## Python Crunchbase Classifier Ver 2.0

This classifier identifies: 

1. unique values in the Industries column of standard Crunchbase CSV-formatted files as well as whether how many times a particular value appears in the Industries column. 
2. Countries in the Headquarters Location column as well as how many times a particulat country appears in it.
3. The frequency of founding year / date company was founded
4. Statistical data on Total Funding Amount (in USD) 
5. Organisations and their corresponding descriptions

*NEW WITH VERSION 2.0* 

The classifier also generates 3 bar graphs displaying startups according to:
1. Top 10 industries
2. Location
3. Founding Year 

Take note that you'll only be able to download datasets of up to <b> 1000 values </b> with our current version of Crunchbase.

In [None]:
import numpy as np
import pandas as pd
import matplotlib.pyplot as plt
import seaborn as sns

# set up plotting aesthetics
%matplotlib inline
sns.set_theme(style="whitegrid")

# 2. Load the raw data
df = pd.read_csv('crunchbase_export.csv', na_values=['', 'NA', 'None'])
print("Initial shape:", df.shape)
df.head()

# 3. Quick dtype & missing‐value overview
print(df.dtypes)
print("\nMissing values per column:")
print(df.isna().mean().sort_values(ascending=False).head(10))


# 4. Drop duplicates & obviously blank rows
df = df.drop_duplicates().reset_index(drop=True)

# 5. Parse dates and extract features
for col in ['founded_on', 'first_funding_on', 'last_funding_on']:
    df[col] = pd.to_datetime(df[col], errors='coerce')
df['founding_year'] = df['founded_on'].dt.year
df['funding_age_years'] = (df['last_funding_on'] - df['first_funding_on']).dt.days / 365

# 6. Impute or drop columns with >60% missing
high_na = df.isna().mean().loc[lambda x: x>0.6].index
df = df.drop(columns=high_na)
print("Dropped high-NA cols:", list(high_na))
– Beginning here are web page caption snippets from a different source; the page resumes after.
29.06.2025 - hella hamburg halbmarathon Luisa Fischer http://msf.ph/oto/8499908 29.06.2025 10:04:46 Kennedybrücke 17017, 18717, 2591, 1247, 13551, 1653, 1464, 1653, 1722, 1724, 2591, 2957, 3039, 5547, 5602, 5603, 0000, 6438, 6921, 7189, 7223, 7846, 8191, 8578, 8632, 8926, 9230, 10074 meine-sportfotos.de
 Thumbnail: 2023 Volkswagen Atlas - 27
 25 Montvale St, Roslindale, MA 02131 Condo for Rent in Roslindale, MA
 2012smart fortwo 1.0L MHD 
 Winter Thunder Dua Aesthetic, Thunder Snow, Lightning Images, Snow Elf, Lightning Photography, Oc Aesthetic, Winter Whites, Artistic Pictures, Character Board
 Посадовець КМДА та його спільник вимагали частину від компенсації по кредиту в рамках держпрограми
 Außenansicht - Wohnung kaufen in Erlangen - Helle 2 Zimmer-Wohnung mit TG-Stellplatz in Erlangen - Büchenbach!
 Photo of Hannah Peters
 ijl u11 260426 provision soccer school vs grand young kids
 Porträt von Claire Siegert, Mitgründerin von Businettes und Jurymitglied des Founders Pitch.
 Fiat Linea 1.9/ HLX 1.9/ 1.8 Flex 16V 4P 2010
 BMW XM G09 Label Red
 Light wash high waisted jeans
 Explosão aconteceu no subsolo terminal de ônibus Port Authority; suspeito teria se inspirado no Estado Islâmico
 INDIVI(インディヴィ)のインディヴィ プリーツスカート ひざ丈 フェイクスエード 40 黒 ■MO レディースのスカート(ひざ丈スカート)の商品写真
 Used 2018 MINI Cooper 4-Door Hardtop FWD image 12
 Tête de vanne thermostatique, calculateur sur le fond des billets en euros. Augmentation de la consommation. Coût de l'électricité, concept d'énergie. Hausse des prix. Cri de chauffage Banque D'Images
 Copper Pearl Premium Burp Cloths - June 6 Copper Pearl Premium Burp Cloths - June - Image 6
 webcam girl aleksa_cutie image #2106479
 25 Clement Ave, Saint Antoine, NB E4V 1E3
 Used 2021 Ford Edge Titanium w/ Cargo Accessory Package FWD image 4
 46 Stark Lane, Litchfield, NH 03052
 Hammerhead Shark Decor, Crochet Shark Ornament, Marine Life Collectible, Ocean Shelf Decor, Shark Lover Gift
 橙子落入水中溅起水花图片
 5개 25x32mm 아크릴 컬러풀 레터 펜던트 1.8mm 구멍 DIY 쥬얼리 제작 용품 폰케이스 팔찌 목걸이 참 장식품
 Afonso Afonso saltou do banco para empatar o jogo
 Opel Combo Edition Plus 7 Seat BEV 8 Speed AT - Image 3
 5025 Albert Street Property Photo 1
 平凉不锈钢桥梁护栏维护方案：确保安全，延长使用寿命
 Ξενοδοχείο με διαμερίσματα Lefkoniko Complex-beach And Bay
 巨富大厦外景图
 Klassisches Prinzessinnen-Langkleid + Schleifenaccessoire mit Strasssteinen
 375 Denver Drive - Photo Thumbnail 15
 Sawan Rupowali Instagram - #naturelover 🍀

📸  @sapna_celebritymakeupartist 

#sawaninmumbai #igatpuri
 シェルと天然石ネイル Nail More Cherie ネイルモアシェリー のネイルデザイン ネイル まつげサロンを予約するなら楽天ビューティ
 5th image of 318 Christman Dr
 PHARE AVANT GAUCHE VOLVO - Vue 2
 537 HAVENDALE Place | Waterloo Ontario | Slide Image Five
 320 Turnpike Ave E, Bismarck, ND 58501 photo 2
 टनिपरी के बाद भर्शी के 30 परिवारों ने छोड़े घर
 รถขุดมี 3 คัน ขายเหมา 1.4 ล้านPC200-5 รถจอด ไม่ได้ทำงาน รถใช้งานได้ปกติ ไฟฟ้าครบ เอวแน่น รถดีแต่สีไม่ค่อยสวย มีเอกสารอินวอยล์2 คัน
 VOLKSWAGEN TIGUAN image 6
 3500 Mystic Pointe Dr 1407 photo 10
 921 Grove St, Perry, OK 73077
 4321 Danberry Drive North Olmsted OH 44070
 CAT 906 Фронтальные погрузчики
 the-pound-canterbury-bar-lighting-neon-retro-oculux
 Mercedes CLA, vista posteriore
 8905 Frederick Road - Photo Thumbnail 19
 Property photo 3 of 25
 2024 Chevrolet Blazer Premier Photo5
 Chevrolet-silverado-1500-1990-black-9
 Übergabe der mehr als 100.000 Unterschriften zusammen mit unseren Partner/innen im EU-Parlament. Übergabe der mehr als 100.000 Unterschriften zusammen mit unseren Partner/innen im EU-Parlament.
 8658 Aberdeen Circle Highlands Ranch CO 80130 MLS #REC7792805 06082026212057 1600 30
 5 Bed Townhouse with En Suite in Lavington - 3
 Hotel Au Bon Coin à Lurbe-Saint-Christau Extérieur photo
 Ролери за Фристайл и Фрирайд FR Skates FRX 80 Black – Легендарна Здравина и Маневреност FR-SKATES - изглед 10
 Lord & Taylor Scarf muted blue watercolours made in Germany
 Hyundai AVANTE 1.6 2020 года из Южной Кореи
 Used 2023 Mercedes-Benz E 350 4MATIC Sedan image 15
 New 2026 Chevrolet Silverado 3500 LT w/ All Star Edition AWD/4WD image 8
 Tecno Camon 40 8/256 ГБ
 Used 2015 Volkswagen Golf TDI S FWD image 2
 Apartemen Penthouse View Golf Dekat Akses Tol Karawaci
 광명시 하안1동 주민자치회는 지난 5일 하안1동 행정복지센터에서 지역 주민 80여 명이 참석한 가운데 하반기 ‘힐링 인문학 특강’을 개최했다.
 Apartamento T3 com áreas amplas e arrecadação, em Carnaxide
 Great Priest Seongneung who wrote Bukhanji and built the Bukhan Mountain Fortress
# 7. Fill remaining numeric NAs with median
num_cols = df.select_dtypes(include='number').columns
for col in num_cols:
    df[col] = df[col].fillna(df[col].median())

# 8. Fill categorical NAs with "Unknown"
cat_cols = df.select_dtypes(include='object').columns
for col in cat_cols:
    df[col] = df[col].fillna('Unknown')


# 9. Distribution of companies by founding year
plt.figure(figsize=(12,4))
sns.histplot(df['founding_year'].dropna(), bins=30, kde=False)
plt.title("Number of Companies by Founding Year")
plt.xlabel("Year")
plt.ylabel("Count")

# 10. Top 15 Industries
plt.figure(figsize=(12,5))
top_ind = df['industry_group'].value_counts().head(15)
sns.barplot(x=top_ind.values, y=top_ind.index, palette="viridis")
plt.title("Top 15 Industry Groups")
plt.xlabel("Number of Companies")

# 11. Funding age vs. employee count
plt.figure(figsize=(6,6))
sns.scatterplot(
    data=df, 
    x='funding_age_years', 
    y='num_employees',
    alpha=0.5
)
plt.xlim(0, df['funding_age_years'].quantile(0.95))
plt.ylim(0, df['num_employees'].quantile(0.95))
plt.title("Funding Duration vs. Employee Count")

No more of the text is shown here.